It feels like once a month a model makes a point to call out some heavy-handed Photoshop artists. When will the media realize that not only is the general public so over being sold unrealistic images of beauty, but that the actual models and talent whose faces and bods are used to sell clothes/jewellery/cosmetics/technology are done with this fake version of reality, too.
Model La’Tecia Thomas is the latest to acknowledge an overly airbrushed image of herself. The Australian beauty uploaded side-by-side images, which she says were taken around the same time, to Instagram this week.
On the left is her in a red lace teddy, smooth thighs and arms and a clear face, all photoshopped to perfection. On the right is also Thomas, this time in a red two-piece swimsuit, the photo completely raw and unedited.
She’s gorgeous in both photos, but very clearly, the one on the right does look more human than the one on the left.
“What you see online or in the media isn’t always the complete truth. This is not about putting anyone on blast but more so a reminder to not compare yourself to anyone else,” Thomas writes on her Instagram page.
The model goes on to say that she too feels the pressure of unrealistic beauty standards, even when she sees a manipulated image of herself.
“When I look at the left images I’m like damn can I please look like that and its Fk$!n ME!?! If I can’t be that person on the left (which is absurd because it’s me) then I can only imagine the effect this has on women.”
Thomas notes that she doesn’t always have control over what brands and businesses ended up doing with images she’s photographed in, so that’s why she feels the need to be honest on social media. It’s a refreshing message and one that her 660,000 strong audience should applaud her for. Or maybe a full-on standing ovation?

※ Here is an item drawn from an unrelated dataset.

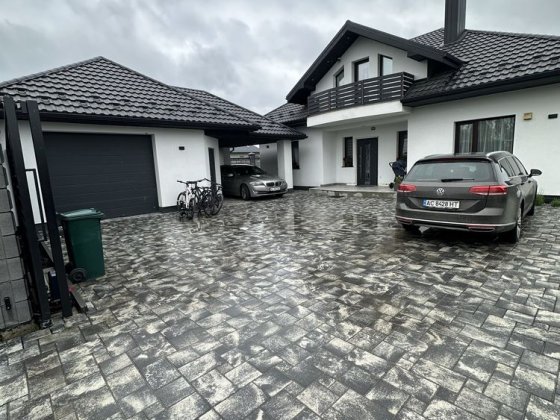 Будинок Рованці 176 м.кв Рованці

“I think both images are beautiful, but be realistic with yourself, you don’t need to look a certain way to be appreciated and know that you’re worthy,” she adds.
The truth is, Thomas is a natural beauty–just look at this no-makeup selfie she uploaded this week:
If the industry feels the need to enhance the beauty of the already beautiful, how the heck are the rest of us ever supposed to compete!?
Fortunately, we have models like Thomas who are fighting to be transparent about the fakeness that affects parts of the fashion and beauty industry, and shops like CVS in the States taking steps to ban manipulated photos on their beauty shelves. They’re all small steps towards solving a bigger issue, but sometimes it takes a hundred little actions to make something stick.